A while ago, I translated this poem by Vazha called “Wedding of the Giants,” it goes like this:
“It was a roaring thunderstorm in the sky, during the night,
The mountains were bowing their heads,
Forest was abandoned by leaves for a flight,
And sea was roaring, as well as black.
It was a wedding of the beasts,
you could hear the rumble, inside the great feast,
I was invited as well, so I came:
For this strong smell, who was to blame?!
Three fires were ignited,
Three tanks boiled at the top,
On the front porches of the guests,
Man’s head was laying, as well as his legs,
From the back gulf,
By the voice of agony, all was engulfed,
“How do I eat my brother’s meat ?!” –
Someone’s scream could be heard,
And I became full without a treat,
So full, that I could feel it in my throat, take my word.”
According to literary critics, this poem is a piece that represents Vazha-Pshavelas’s frustration regarding Georgians going against each other during such a complex period in history, as they are supposed to be “brothers “: Georgia, a Russian province at that time, was undergoing a massive social, political and existential turmoil, “giants” were dominating both international and domestic politics, while pitting us against one another.
“The curtains were blue”, as they say, but the misconception of Vazha’s work in the prism of nationalism is a common thing, so why not voice my own opinion regarding the poem?
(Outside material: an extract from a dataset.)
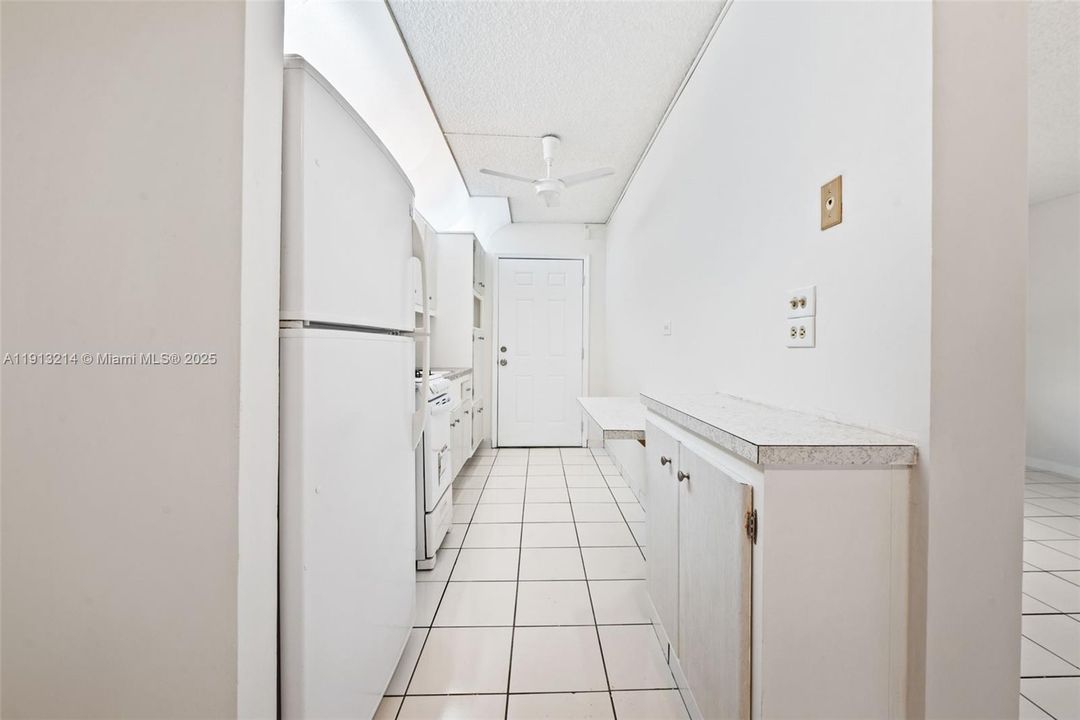 For Rent: $1,300 (1 beds, 1 baths, 692 Square Feet)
Maybe, the curtains are not only blue, but represent something as well…
Personally, while reading this piece, a deconstructed biblically analogy is the first thing that comes to mind, a more dystopic version of David and Goliath to be precise, a world where the Goliath, an evil giant prevails, world where the Lord does not hand evil over to David and all is left is to abide by the rules of “a wedding of the beasts.”
While this situation could freely apply to the condition Vazha and others of his generation found themselves in, I think the metaphor in itself is more generally metaphysical.
Why is it that a single poem is perceived so differently by the people that come from the same culture? According to a prominent American linguist and philosopher, Noam Chomsky, language itself is an innate faculty and one of the many aspects of cognition, his theory states that numerous cognitive systems lay the foundation for general cognitive capacities, with perception being one of them. Perception, in my opinion, is a socially constructed, but not entirely a cultural one and most of the time, it does have some innate foundations in a person, as does the general understanding of syntax and semantics in the early development of the human psyche.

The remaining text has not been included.